Task statement> Locate the line containing "D'Arcici Hotel Plumpang" in the entries below, then retype it and every later line exactly, leaving out pictures.
---+---
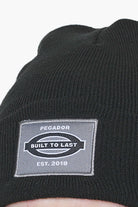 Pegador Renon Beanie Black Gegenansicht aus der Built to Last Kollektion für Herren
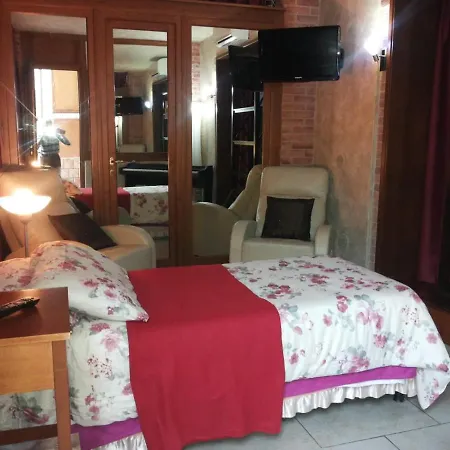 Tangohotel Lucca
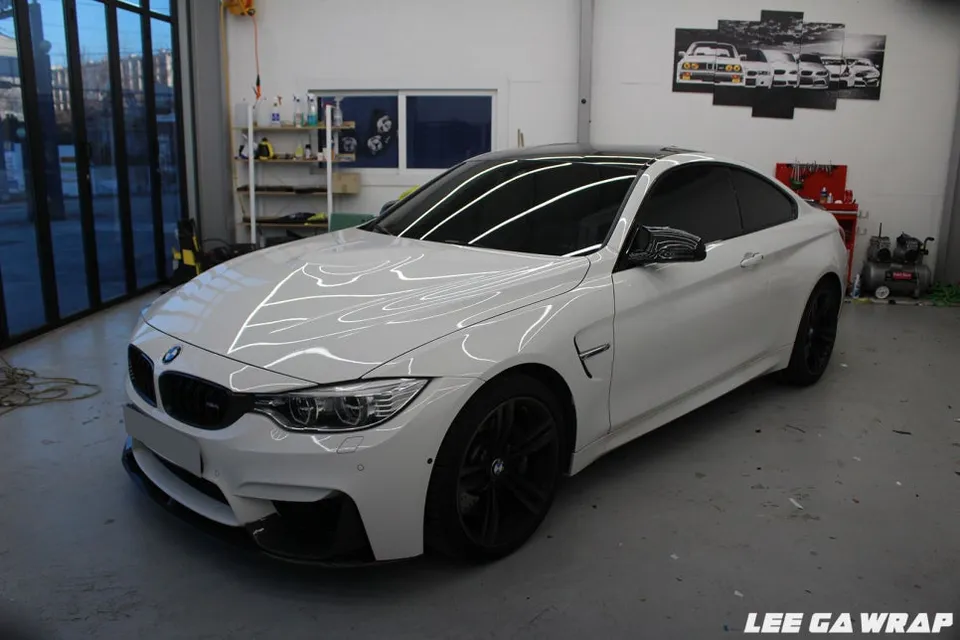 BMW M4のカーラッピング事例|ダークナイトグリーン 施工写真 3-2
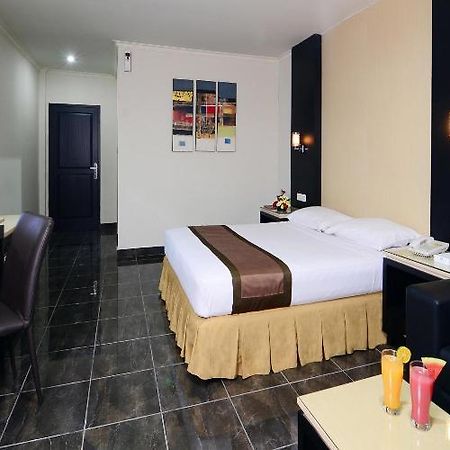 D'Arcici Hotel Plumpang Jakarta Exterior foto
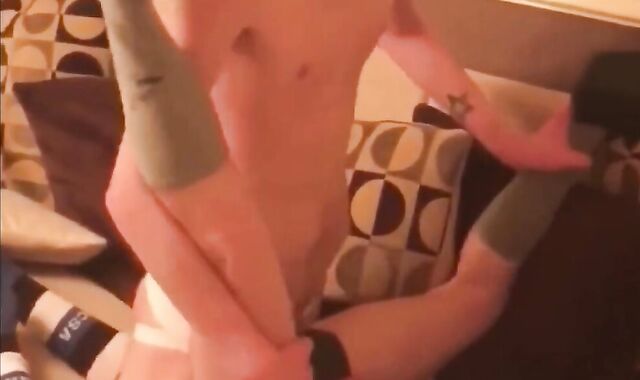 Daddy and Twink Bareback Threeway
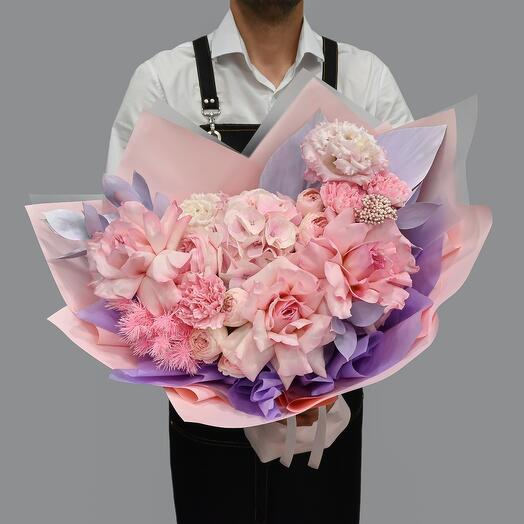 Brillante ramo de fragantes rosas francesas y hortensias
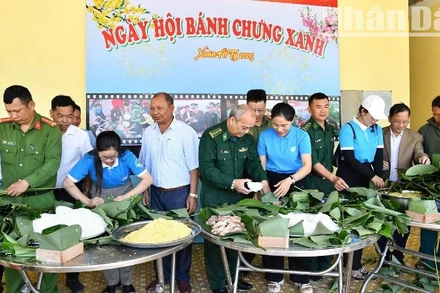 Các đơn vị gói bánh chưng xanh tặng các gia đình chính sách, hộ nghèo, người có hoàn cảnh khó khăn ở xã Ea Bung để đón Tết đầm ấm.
---+---
Solution below>
 D'Arcici Hotel Plumpang Jakarta Exterior foto
 Daddy and Twink Bareback Threeway
 Brillante ramo de fragantes rosas francesas y hortensias
 Các đơn vị gói bánh chưng xanh tặng các gia đình chính sách, hộ nghèo, người có hoàn cảnh khó khăn ở xã Ea Bung để đón Tết đầm ấm.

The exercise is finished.